441 B.R. 732, 2010 Bankr. LEXIS 4114, 2010 WL 4791833
CourtUnited States Bankruptcy Court, N.D. New York
DecidedNovember 18, 2010
Docket19-30137
StatusPublished
Cited by10 cases

This text of 441 B.R. 732 (In Re Moore) is published on Counsel Stack Legal Research, covering United States Bankruptcy Court, N.D. New York primary law. Counsel Stack provides free access to over 12 million legal documents including statutes, case law, regulations, and constitutions.

Bluebook
In Re Moore, 441 B.R. 732, 2010 Bankr. LEXIS 4114, 2010 WL 4791833 (N.Y. 2010).

Opinion

MEMORANDUM-DECISION AND ORDER

DIANE DAVIS, Bankruptcy Judge.

The question before the Court is whether Linda Ann Moore and her husband, Dee Yancey Moore, Jr., (collectively, “Debtors”) may modify a mortgage that encumbers a single parcel of real property that consists of Debtors’ personal residence and a stand-alone apartment building. Specifically, Debtors seek to “strip down” 1 the first mortgage lien held by America’s Servicing Company as servicer for U.S. Bank *734 National Association, as Trustee for the Structured Asset Securities Corporation, Series 2005-AR1 (“ASC”) on their real property located at 2619-2621 N.Y. Route 26, situated in Maine, New York (the “Property”). 2

Adjudication of this matter turns on this Court’s interpretation of 11 U.S.C. § 1322(b)(2), which permits a debtor to “modify the rights of holders of secured claims, other than a claim secured only by a security interest in real property that is the debtor’s principal residence.” 11 U.S.C. § 1322(b)(2) (2010). 3 Although this Court believes that the statutory text — • commonly referred to as the anti-modification clause — has a plain meaning, as will be further discussed infra, “setting the boundaries of the ‘home mortgage’ exception to Section 1322(b)(2) has proven to be a remarkably difficult task.” In re Bulson, 327 B.R. 830, 838 (Bankr.W.D.Mich.2005); accord Veryl Victoria Miles, The Bifurcation of Undersecured Residential Mortgages Under § 1822(b)(2) of the Bankruptcy Code: The Final Resolution, 67 Am. Bankr. L.J. 207 (1993) (identifying this issue as “[o]ne of the most controversial and contested bankruptcy issues addressed by our courts and pondered by the bankruptcy bar in recent years”). After examination of the parties’ submissions and arguments, the facts and circumstances of this case, and the relevant body of case law developing and applying varied standards under § 1322(b)(2), the Court concludes that modification in this case is permitted by the Code.

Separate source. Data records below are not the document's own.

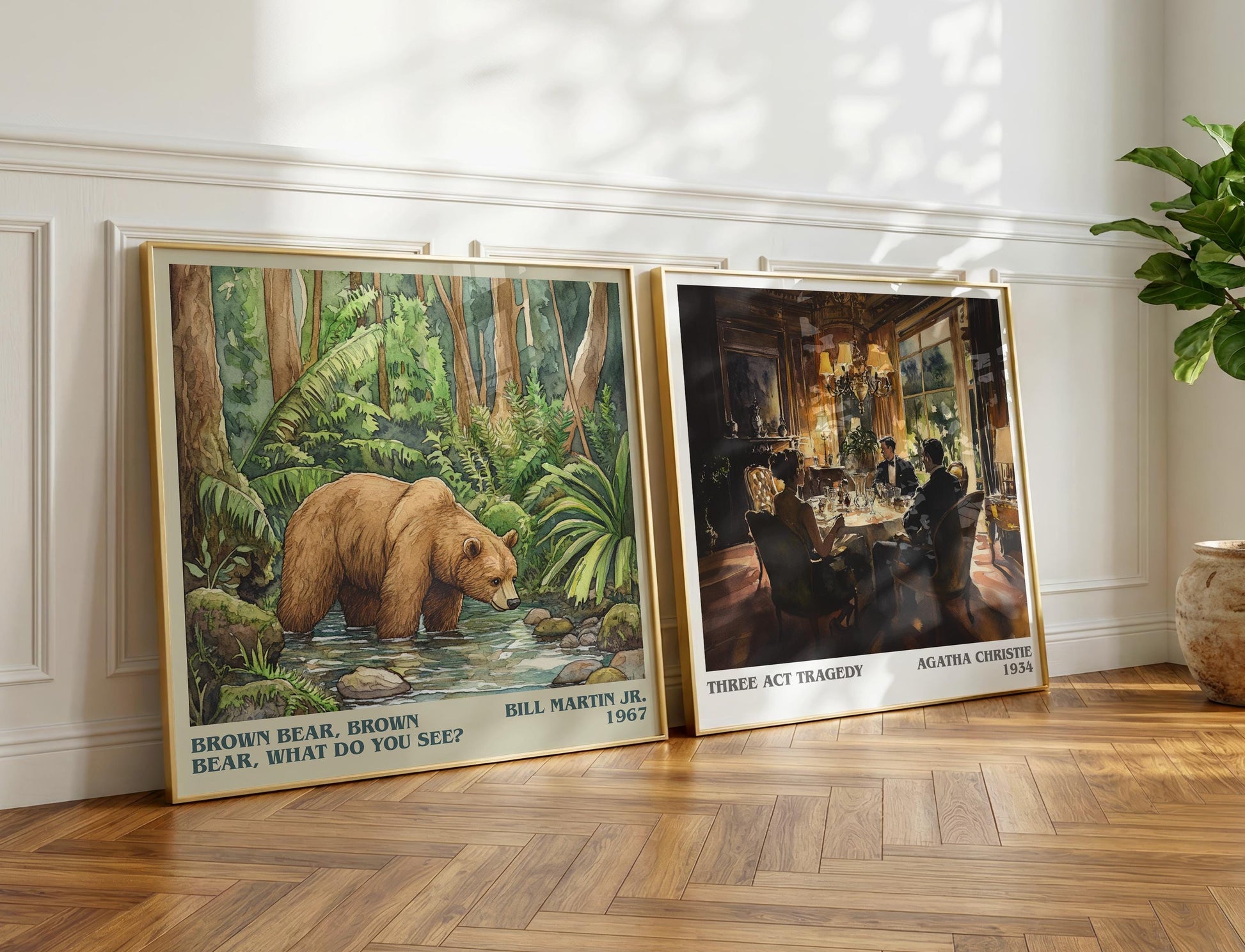 Brown Bear, Brown Bear, What Do You See? book poster packaging – museum-quality print rolled in protective tube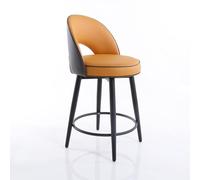 OGYJMSFN Sgabelli da Bar Adjustable Bar Stool Pu Leather Carbon Steel Ideal for Kitchen Islands Restaurants Bars Hotel Receptions(Orange,55cm)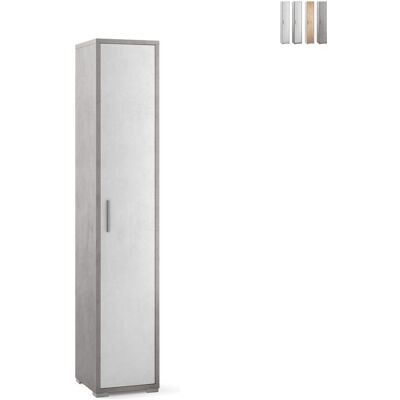 SARMOG Armario Columna Multiusos De 5 Puertas De Diseño Moderno Kara - Gris - Blanco SARMOG Armario Columna Multiusos De 5 Puertas De Diseño Moderno Kara - Gris - Blanco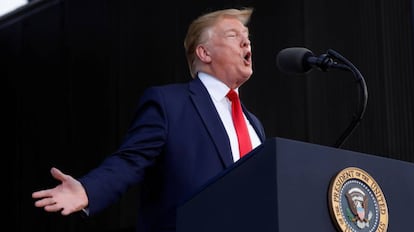 El presidente de EE UU, Donald Trump, en Florida, el pasado 8 de mayo.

The following now constitute the Court’s findings of fact and conclusions of law to the extent required by Federal Rule of Civil Procedure 52, as incorporated by Federal Rule of Bankruptcy Procedure 7052.

JURISDICTION

The Court has jurisdiction over the parties and this core matter pursuant to 28 U.S.C. §§ 157(a), (b)(1), (b)(2)(B), (K), and 1334(a).

FACTS

The pertinent facts in this case are largely undisputed. The present controversy centers instead on the applicable standard of law. On July 20, 2010, the Court conducted an evidentiary hearing in this matter and heard testimony from two witnesses, Dee Yancey Moore, Jr. and Brenda Jashinsky, Bankruptcy Analyst for Wells Fargo Bank, N.A., the parent company of ASC (Transcript of Record at 29, ECF No. 51). The parties filed a post-hearing Stipulated Statement of Facts on July 23, 2010 (“Stipulation”). (ECF No. 41.) The following findings of fact are therefore derived from the parties’ submissions, including, but not limited to, the Stipulation, admitted exhibits, and proffered testimony.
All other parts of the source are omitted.